Having an audio conversation with your Teams Bot




We have recently started to explore the ability to have users call a Teams bot and have meaningful conversations.  The overall flow would be like this

1. User places an audio call to the Teams bot

2. Teams bot answers the call using MS Graph call:answer

3. Once the call has been established, the Teams bot uses the Microsoft Azure Cognitive Services Speech SDK to generate a WAV file and then posts to MS Graph call:recordResponse.  This will have the Teams bot speak a greeting and wait to hear the user's speech

4. With recording started, the user's speech will be saved locally.  The bot will use the Speech SDK to recognize the speech.  

5. The recognized text is then sent to our LUIS App so that an intent can be identified.
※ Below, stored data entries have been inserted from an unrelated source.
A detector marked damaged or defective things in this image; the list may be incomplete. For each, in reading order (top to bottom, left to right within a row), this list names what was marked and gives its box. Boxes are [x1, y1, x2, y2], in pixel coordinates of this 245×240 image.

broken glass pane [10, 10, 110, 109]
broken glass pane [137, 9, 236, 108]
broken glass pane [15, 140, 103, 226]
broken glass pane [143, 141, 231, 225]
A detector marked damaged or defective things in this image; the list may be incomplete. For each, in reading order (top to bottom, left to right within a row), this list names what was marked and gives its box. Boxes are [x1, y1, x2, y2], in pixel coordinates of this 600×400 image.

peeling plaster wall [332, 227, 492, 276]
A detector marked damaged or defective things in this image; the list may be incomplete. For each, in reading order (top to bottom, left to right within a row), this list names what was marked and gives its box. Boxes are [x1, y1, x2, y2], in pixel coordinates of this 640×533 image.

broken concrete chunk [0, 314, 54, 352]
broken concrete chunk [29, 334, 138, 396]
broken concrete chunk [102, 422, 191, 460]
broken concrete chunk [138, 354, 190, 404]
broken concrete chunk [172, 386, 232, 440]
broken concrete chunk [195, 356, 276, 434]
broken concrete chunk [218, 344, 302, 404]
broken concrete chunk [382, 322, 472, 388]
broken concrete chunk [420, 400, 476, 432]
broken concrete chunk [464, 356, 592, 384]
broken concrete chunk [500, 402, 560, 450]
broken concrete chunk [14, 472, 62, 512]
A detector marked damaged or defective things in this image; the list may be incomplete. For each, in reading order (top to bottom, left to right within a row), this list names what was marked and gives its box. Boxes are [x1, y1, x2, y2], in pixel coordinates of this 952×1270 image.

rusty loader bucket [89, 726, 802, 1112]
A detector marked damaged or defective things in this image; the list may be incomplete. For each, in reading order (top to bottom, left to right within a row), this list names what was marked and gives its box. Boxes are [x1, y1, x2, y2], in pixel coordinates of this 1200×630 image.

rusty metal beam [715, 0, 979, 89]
6. The bot handles the recognized intent, creates a text response, then uses the Speech SDK to generate a WAV file.  The WAV file is then posted to MS Graph call:recordResponse so that the response is spoken to the user, with the bot then enter into recording mode to get the user's next speech.


With the above approach, there is considerable pause between the user's last speech and the bot's audio response.  This is probably due to the number of API calls the bot has to do to recognize the user's speech and play an appropriate audio response.  Is there a better way to handle audio calls to a bot with Teams?  Is there a better way to utilize MS Graph with the Speech SDK?  We looked at 

Speech SDK's AudioConfig.fromDefaultMicrophoneInput() but it does not seem to work in a Teams channel.


Using the WindowsVoiceAssistantClient, we connect it to our speech resource and we find the conversation exchange between the user and the bot a lot more responsive.  Is it possible to implement this conversation experience in Teams?


Thank You

3 Replies
best response confirmed by voonsionglum (Contributor)

Could you please refer below doc if its helped you in any way.
Calls and online meetings bots - Teams | Microsoft Docs

@voonsionglum - Could you please confirm if above document helped you or are you still looking for any help?
Thank You. It seems like the only to have direct access to real time audio stream is through an application hosted media bot. We'll give that a try.